* ABOUT THIS TASK
Every line of the data below should be repeated exactly, and no picture should be copied.

(SOURCE MATERIAL)

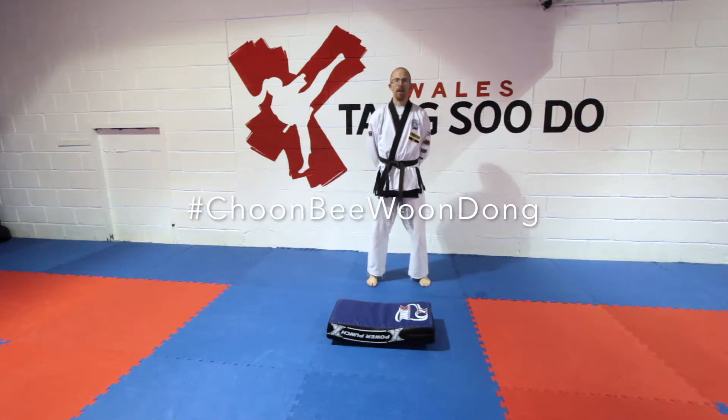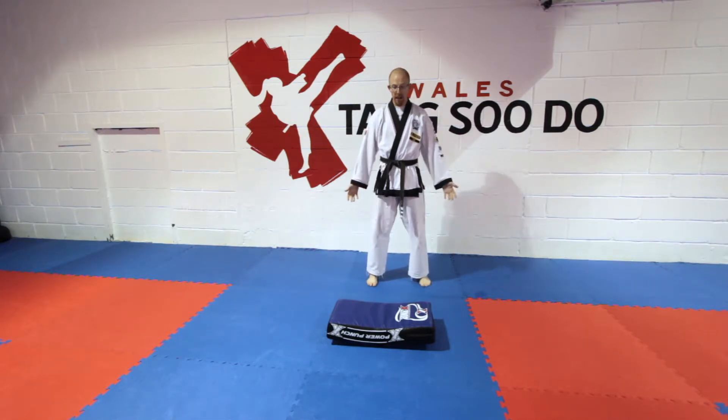Welcome to this week's Choon Bee Woon Dong. This week we're going to use a prop — you can use a step, a shield like I'm using, or a pad, anything's fine. We're going to do four 30-second exercises. I'm just going to do one rotation, but you could do three.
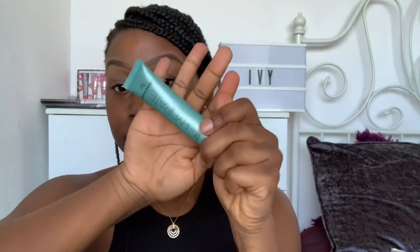Here I'm just priming my face and I'm using this little hydration primer that I got from Primark. It's really really good and works really well with my skin — it's a very nice base for makeup. I feel like whenever I have this primer on, my makeup does last a lot longer.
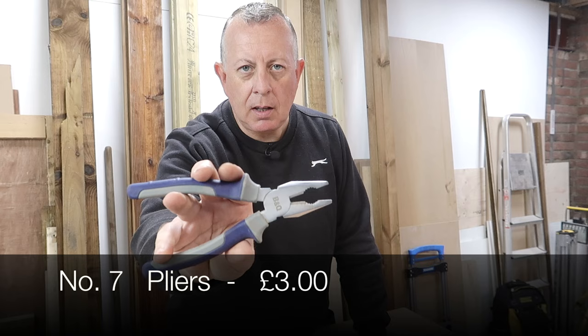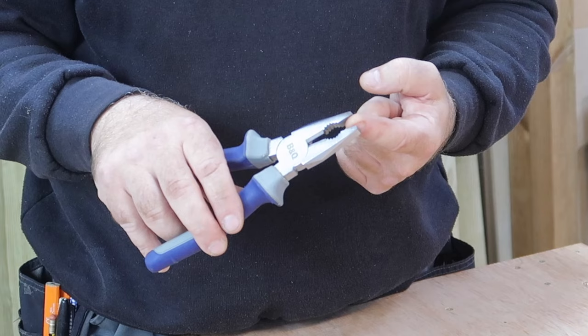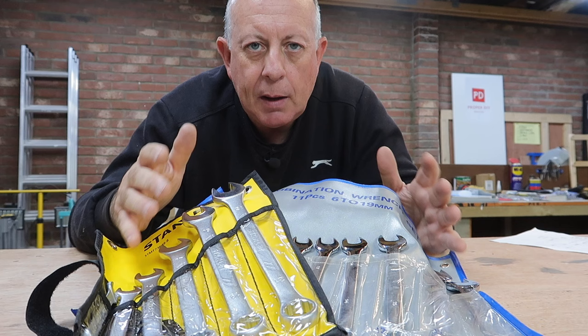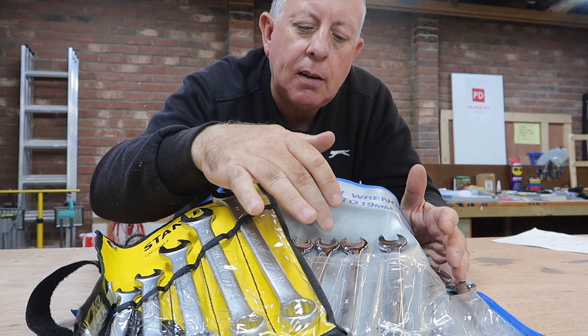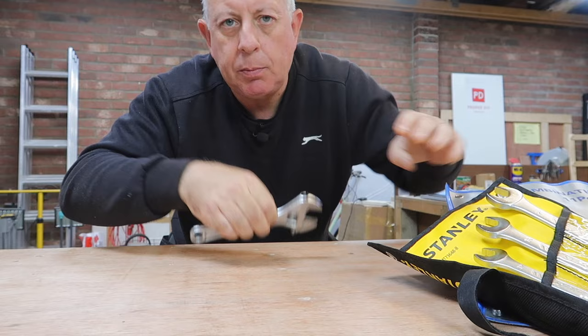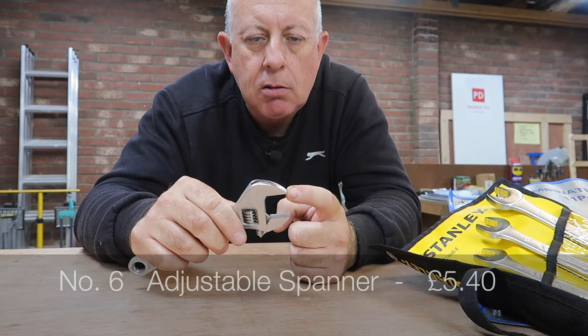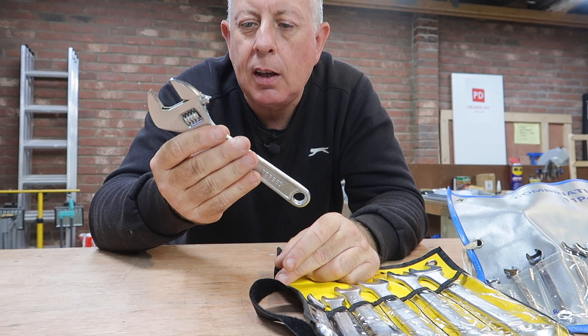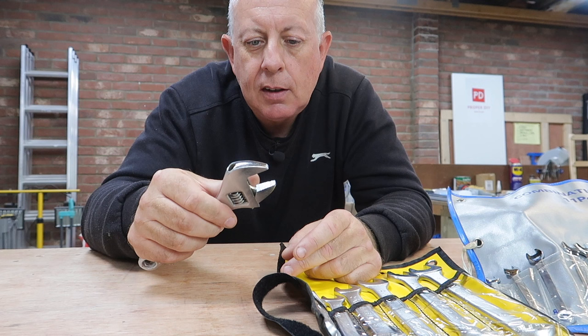At number seven is the general pair of pliers — the original multi-tool. They've got a section for gripping, another for grabbing nuts, and another for cutting through things like wire and rope. Sets of spanners are great, but you need a full set because you never know what size nut you'll encounter next. From a DIY point of view though, all you really need is an adjustable spanner — about five pounds, adjusting from zero to around 25 millimeters. I've owned mine for maybe 15 years and it does the same job as the whole spanner set.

(End SOURCE MATERIAL)

* REPLY TO THE TASK
Welcome to this week's Choon Bee Woon Dong. This week we're going to use a prop — you can use a step, a shield like I'm using, or a pad, anything's fine. We're going to do four 30-second exercises. I'm just going to do one rotation, but you could do three.
Here I'm just priming my face and I'm using this little hydration primer that I got from Primark. It's really really good and works really well with my skin — it's a very nice base for makeup. I feel like whenever I have this primer on, my makeup does last a lot longer.
At number seven is the general pair of pliers — the original multi-tool. They've got a section for gripping, another for grabbing nuts, and another for cutting through things like wire and rope. Sets of spanners are great, but you need a full set because you never know what size nut you'll encounter next. From a DIY point of view though, all you really need is an adjustable spanner — about five pounds, adjusting from zero to around 25 millimeters. I've owned mine for maybe 15 years and it does the same job as the whole spanner set.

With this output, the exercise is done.